​Improving Your Water Quality

Monday Night Brewing switched from activated carbon to catalytic carbon in their first stage of water treatment a few years back as the Atlanta brewery made steps toward improving their water source for even better beer.

“This allows for better removal of chlorine but also removes chloramine (which many municipalities are switching to for their water treatment),” noted co-founder Joel Inverson. “We also added steps to soften our already soft water even further which then allows for a consistent “blank slate” as we add unique mash salts to each beer.”

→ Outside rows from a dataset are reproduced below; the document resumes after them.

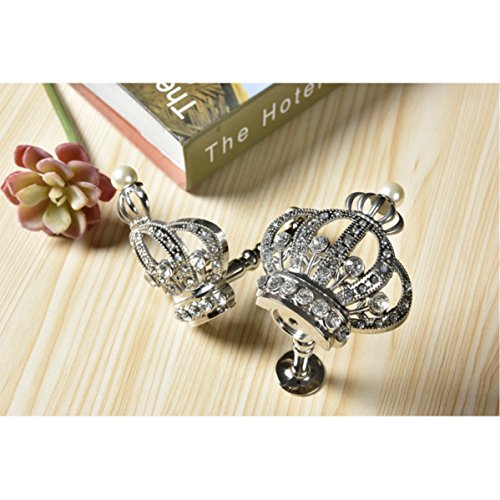 Joyci One Pair Crown Curtain Holdbacks Inlay Crystal Pearl Curtain Tiebacks Unique Drapes holder (Silver) - Thumbnail 5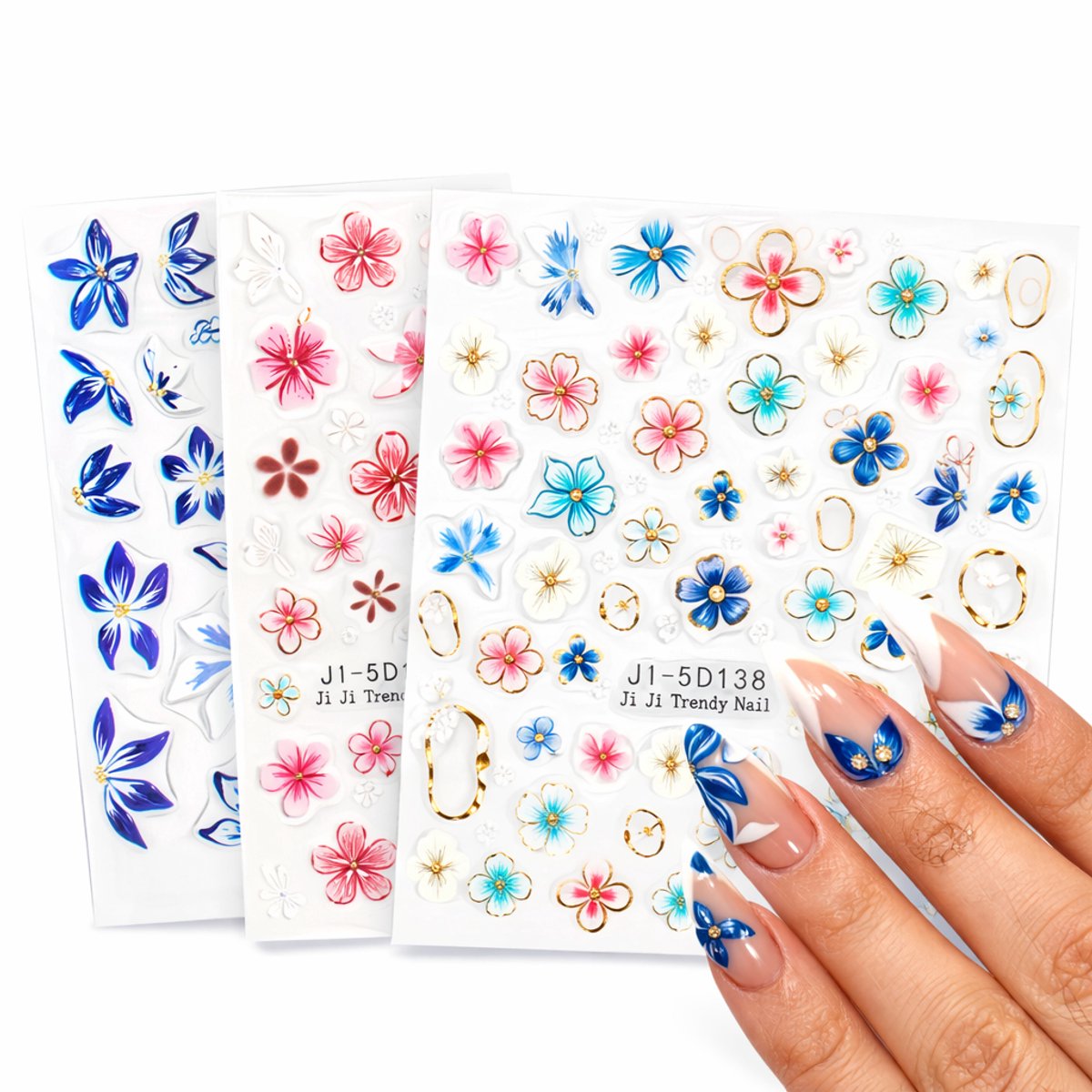 GUAPÀ® Nagelstickers Bloementjes 5D Diverse kleuren 3 Vellen | Nail Decals | Nagelversiering | Gellak | Nagellak | Acryl Nagels | 5D Bloemen Stickers Nagels | Diverse kleuren Bloemetjes 5D Nagel Stickers 3 Velletjes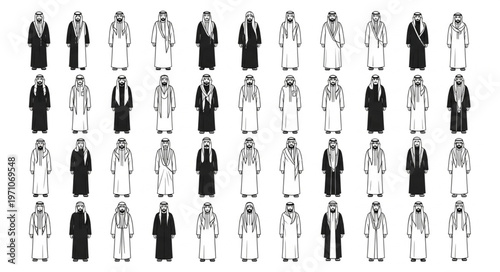 Diverse group of Arab men in traditional attire, standing together.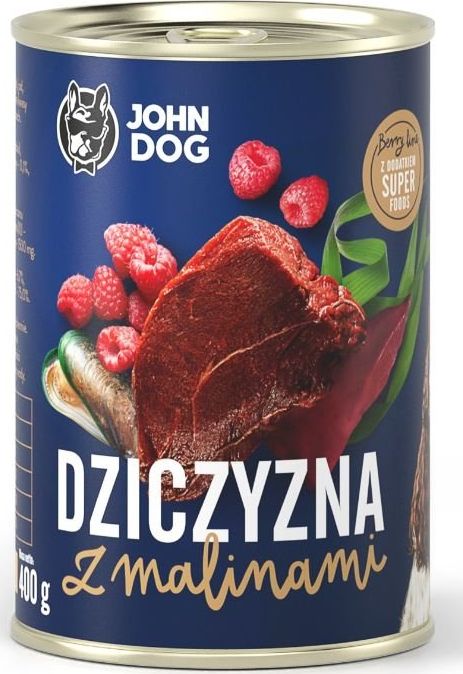 John Dog Berry adult dziczyzna z malinami 400g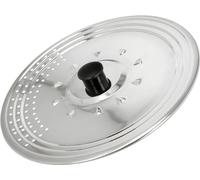 Couvercle polyvalent en acier inoxydable ø 28 cm. Utilisation du couvercle anti-éclaboussures et de l'égouttoir. Le couvercle peut être adapté à différentes tailles.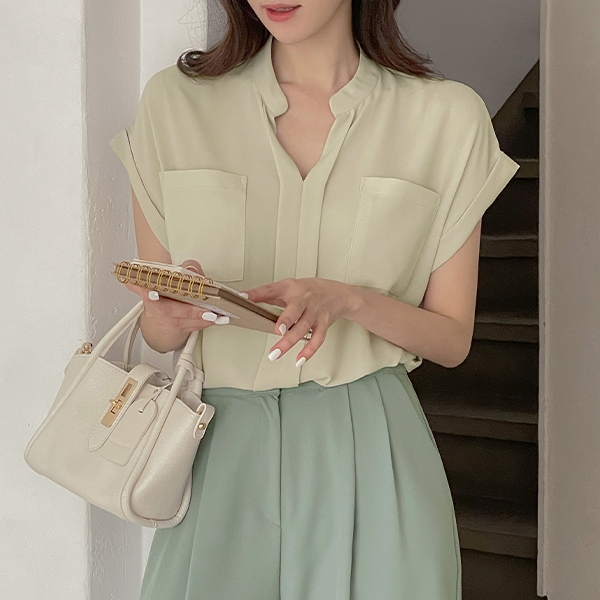 Double Pocket Soft loose fit Cap-Sleeves Blouse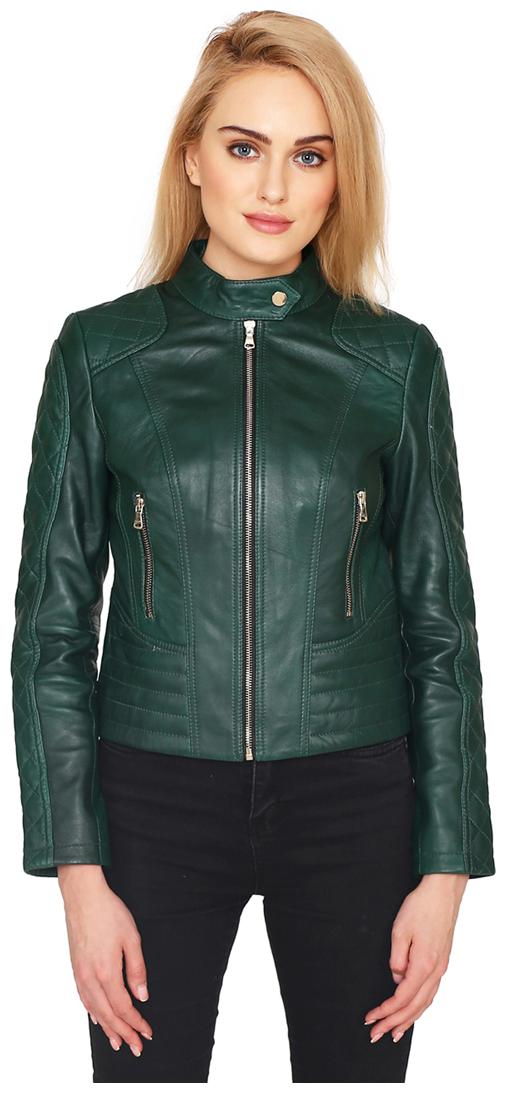 

Justanned Women Solid Biker Jacket - Green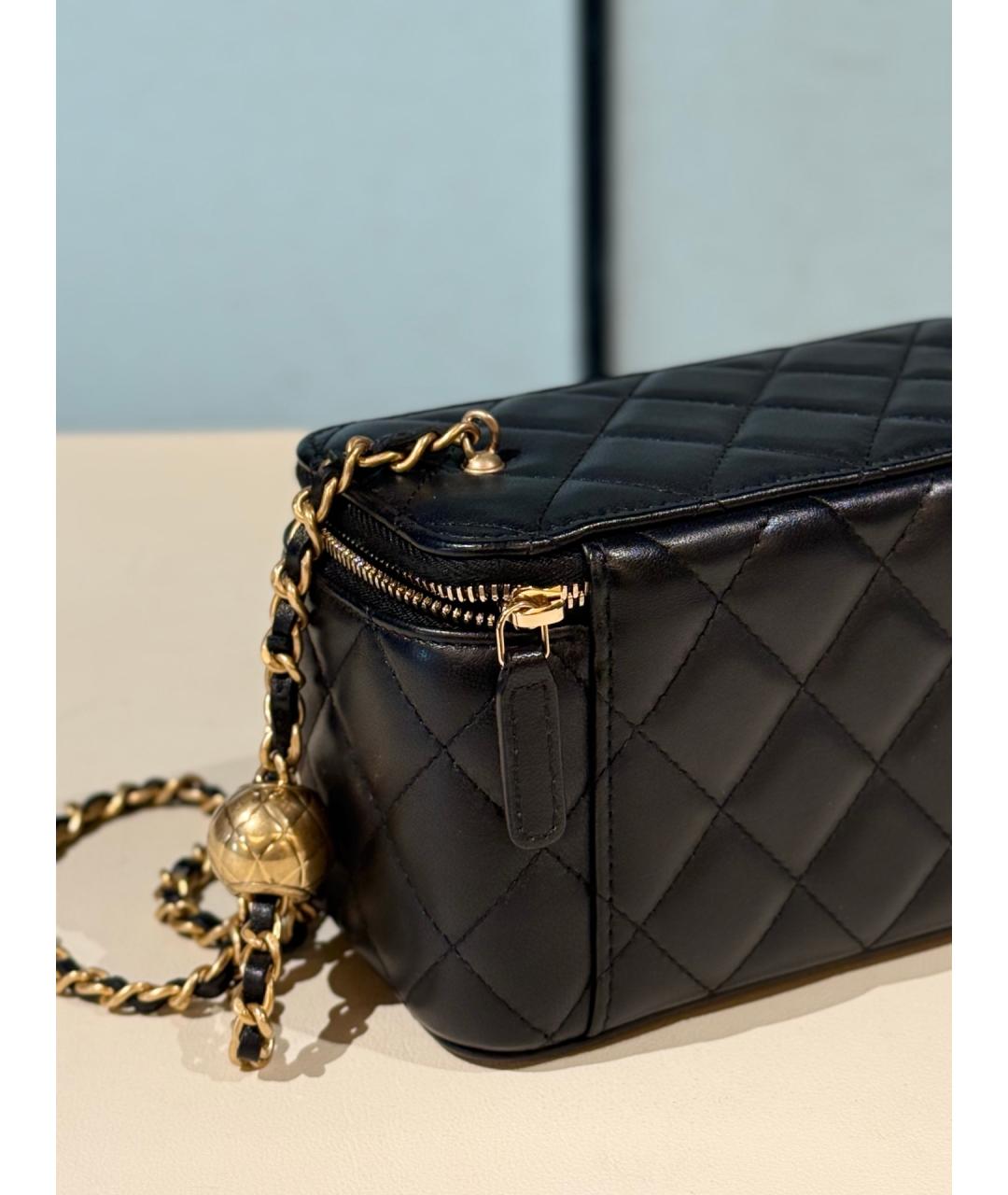 CHANEL Черная кожаная сумка через плечо, фото 6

Repeated checks help maintain consistency and quality throughout. Those checks start at the source. One of the big misconceptions is that water coming from local municipalities is always consistent.

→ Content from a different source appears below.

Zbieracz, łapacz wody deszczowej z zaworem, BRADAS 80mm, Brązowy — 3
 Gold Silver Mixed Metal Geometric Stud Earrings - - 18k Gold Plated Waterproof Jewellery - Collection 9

John Stewart, the Director of Brewing Operations for Perrin Brewing, started looking at water sources in Southwest Michigan even before he was working with Perrin, which uses an RO filter to have a clean base of water.

“We started to see how much the water could fluctuate coming in because they’re not really as concerned with making good brewing water as is making safe drinking water,” Stewart said. “When we started looking at it, we noticed when the lake would flip over they (the city) would have all the organic bloom that would happen in the summertime and they would have to treat the water differently. We would start to see some discrepancies coming in and some actual pretty big swings.”

​Iverson said that thankfully ​the city ​of Atlanta’s water is high quality, plentiful, and consistent.

​”​Most of our tests validate basic things like alkalinity, chlorides, and hardness​,” he said. ​”Then we use those number to validate our water treatments, and then water adjustments.​”

The biggest thing is the removal of chlorine, Stewart said, and putting in a carbon filter in is key.

“A lot of breweries when they start off and they’re smaller you can flash chlorine off in a hot liquor tank and if it’s setting overnight and it’s getting warm they might not run into issues,” he explained. “From what I’ve seen as breweries start off, they don’t run into issues. But then as the production ramps up they’re selling more beer, they get busier then they start to fill their hot liquor tanks up and they’re not giving it that contact time where they were naturally flashing off chlorine and suddenly they’re putting chlorinated water into their product.

“I’ll talk to a guy saying ‘Man it’s like something changed. I don’t know what’s going on with my beer.’ What they’re doing is they’re changing their brewing process because they’ve gotten faster and they’re basically putting chlorinated water into the product where as before if you fill the hot liquor take up the night before you let that chlorine flash off it wasn’t an issue. Now if they do three or four brews in a single day, they’re not giving it that time. They really need to install a carbon filter to remove that chlorine. When you mix chlorine with dark malts, you get those chloro polyphenols and you start to get Band Aid, plastic and electrical tape and all sorts of off flavors that can be formed from it.

“So to me, at a bare minimum, I always tell people you’ve got to do something to make sure that the chlorine is being removed.”

Even for breweries that don’t have an advanced lab to track some parts water testing, municipal water facilities are a great place to reach out to for information, Stewart said.

“Another place I always tell people is to talk to their chemical vendors,” he added. “Those vendors will actually do free testing — it’s part of a service for them. So if you’re buying either the chlorine testing material or if it’s just cleaning chemicals, a lot of these chemical companies have the lab in place and it’s just as part of the customer/supplier relationship they’ll do water testing.”